See `logger.py` in examples directory.

### Log Record
`kafkaesk.ext.logging.record.factory` is a function that will return `kafkaesk.ext.logging.record.PydanticLogRecord` objects.  The `factory()` function scans through any `args` passed to a logger and checks each item to determine if it is a subclass of `pydantid.BaseModel`.  If it is a base model instance and `model._is_log_model` evaluates to `True` the model will be removed from `args` and added to `record._pydantic_data`.  After that `factory()` will use logging's existing logic to finish creating the log record.

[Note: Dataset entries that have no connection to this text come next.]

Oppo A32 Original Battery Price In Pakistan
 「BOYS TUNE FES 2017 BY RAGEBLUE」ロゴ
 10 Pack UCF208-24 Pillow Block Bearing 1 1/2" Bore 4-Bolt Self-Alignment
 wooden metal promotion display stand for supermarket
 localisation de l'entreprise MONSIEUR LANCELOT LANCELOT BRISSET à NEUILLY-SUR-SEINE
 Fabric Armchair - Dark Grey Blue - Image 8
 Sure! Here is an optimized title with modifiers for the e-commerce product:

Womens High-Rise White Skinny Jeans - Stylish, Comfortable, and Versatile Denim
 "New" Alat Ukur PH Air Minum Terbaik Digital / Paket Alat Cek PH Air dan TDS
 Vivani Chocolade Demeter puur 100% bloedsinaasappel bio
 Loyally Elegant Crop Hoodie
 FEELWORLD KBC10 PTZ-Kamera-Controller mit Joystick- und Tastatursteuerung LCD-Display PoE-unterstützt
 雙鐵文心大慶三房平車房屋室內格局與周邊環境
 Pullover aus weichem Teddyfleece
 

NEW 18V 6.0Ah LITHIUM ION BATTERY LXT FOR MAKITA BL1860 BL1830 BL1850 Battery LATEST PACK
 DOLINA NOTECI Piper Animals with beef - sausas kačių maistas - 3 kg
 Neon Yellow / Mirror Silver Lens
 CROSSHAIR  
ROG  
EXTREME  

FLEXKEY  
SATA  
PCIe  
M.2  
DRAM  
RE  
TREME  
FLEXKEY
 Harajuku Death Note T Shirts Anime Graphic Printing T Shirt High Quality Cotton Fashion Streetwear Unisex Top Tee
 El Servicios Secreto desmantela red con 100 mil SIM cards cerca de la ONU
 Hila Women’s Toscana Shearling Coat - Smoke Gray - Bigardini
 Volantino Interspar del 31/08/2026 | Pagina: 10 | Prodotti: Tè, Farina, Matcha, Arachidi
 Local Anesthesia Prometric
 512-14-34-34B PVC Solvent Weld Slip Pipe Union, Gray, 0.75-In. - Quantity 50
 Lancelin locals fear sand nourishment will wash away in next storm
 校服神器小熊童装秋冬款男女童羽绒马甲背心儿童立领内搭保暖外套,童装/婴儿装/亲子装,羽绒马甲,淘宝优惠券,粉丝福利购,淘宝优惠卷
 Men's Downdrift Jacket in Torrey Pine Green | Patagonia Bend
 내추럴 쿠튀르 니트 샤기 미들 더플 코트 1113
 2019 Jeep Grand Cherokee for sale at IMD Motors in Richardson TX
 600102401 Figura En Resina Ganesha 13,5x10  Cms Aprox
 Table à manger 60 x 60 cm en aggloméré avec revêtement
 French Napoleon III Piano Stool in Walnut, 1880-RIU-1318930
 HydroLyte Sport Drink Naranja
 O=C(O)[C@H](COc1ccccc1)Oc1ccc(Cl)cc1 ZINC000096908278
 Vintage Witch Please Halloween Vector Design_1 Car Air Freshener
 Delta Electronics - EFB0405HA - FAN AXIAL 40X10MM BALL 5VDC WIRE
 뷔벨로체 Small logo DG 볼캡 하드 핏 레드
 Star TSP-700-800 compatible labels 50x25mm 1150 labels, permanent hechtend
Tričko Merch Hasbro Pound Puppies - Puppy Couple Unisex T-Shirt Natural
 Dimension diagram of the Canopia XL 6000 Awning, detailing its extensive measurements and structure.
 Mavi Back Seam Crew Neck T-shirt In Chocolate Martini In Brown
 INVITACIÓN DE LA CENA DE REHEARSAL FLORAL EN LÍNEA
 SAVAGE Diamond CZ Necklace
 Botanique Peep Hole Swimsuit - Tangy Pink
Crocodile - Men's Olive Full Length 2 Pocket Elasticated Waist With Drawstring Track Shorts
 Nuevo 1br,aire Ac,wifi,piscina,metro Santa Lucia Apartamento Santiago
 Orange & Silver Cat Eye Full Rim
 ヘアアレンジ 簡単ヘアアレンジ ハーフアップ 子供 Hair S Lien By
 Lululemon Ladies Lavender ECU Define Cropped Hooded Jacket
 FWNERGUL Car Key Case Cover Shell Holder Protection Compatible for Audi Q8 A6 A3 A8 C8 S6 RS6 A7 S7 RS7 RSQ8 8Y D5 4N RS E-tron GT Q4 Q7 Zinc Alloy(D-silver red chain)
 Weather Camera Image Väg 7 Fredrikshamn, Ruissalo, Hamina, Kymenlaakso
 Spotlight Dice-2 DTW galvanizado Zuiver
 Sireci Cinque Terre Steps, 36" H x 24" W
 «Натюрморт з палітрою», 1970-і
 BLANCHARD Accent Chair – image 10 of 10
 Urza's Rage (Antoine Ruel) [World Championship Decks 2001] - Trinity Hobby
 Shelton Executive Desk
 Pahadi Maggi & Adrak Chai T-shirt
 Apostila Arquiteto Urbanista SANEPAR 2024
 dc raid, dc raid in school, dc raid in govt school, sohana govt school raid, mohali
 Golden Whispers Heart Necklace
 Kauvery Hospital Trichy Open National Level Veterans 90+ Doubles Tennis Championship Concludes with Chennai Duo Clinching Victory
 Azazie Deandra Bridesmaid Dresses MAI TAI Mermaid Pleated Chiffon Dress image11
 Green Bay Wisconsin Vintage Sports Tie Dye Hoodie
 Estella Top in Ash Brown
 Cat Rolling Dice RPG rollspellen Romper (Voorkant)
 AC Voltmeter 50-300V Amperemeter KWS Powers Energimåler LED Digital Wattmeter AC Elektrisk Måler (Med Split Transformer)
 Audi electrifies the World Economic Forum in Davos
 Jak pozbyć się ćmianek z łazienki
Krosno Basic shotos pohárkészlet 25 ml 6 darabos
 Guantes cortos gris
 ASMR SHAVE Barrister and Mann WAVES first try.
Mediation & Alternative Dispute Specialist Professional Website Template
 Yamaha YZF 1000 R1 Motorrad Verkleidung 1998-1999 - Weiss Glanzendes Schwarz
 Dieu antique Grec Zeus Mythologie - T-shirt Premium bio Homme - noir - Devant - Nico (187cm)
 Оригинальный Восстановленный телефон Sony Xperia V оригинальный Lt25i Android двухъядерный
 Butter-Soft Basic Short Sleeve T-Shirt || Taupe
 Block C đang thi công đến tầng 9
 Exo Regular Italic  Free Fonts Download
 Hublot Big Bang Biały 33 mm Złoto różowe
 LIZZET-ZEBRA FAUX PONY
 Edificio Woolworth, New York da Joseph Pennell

The `factory()` function is automatically passed to `logging.setLogRecordFactory` when a `kafkaesk.ext.logging.formatter.PydanticFormatter` instance is created.

### Formatter
`kafkaesk.ext.logging.formatter.PydanticFormatter` is responsible for parsing all information in a log record and returning a `kafkaesk.logging.formatter.PydanticLogModel` instance.  The formatter will build the return message in two passes.  The first pass looks at `formatter.format_class` and attempts to create an instance of that class utilizing the log record's `__dict__`.  The second pass creates a standard dictionary from all models present in a log record's `_pydantic_data` property.  These results are then merged together and used to create a new `PydanticLogModel` instance which is returned to the handler.

### Handler
This extensions ships with two handlers capable of handling `kafkaesk.ext.logging.formatter.PydanticLodModel` classes: `kafakesk.ext.logging.handler.PydanticStreamHandler` and `kafkaesk.ext.logging.handler.PydanticKafkaeskHandler`.  

The stream handler is a very small wrapper around `logging.StreamHandler`, the signature is the same, the only difference is that the handler will attempt to convert any pydantic models it receives to a json string.

The kafkaesk handler has a few more bits going on in the background.  The handler has two required inputs, a `kafkaesk.app.Application` instance and a stream name.  Once initialized any logs emitted by the handler will be saved into an internal queue.  There is a worker task that handles pulling logs from the queue and writing those logs to the specified topic.

# Features

(or a todo here)

- [x] worker
- [ ] service to inspect stats
- [ ] be able to handle manual commit use-case
- [ ] be able to reject commit/abort message handling
- [ ] prometheus

# Naming things

It's hard and "kafka" is already a fun name. Hopefully this library isn't literally "kafkaesque" for you.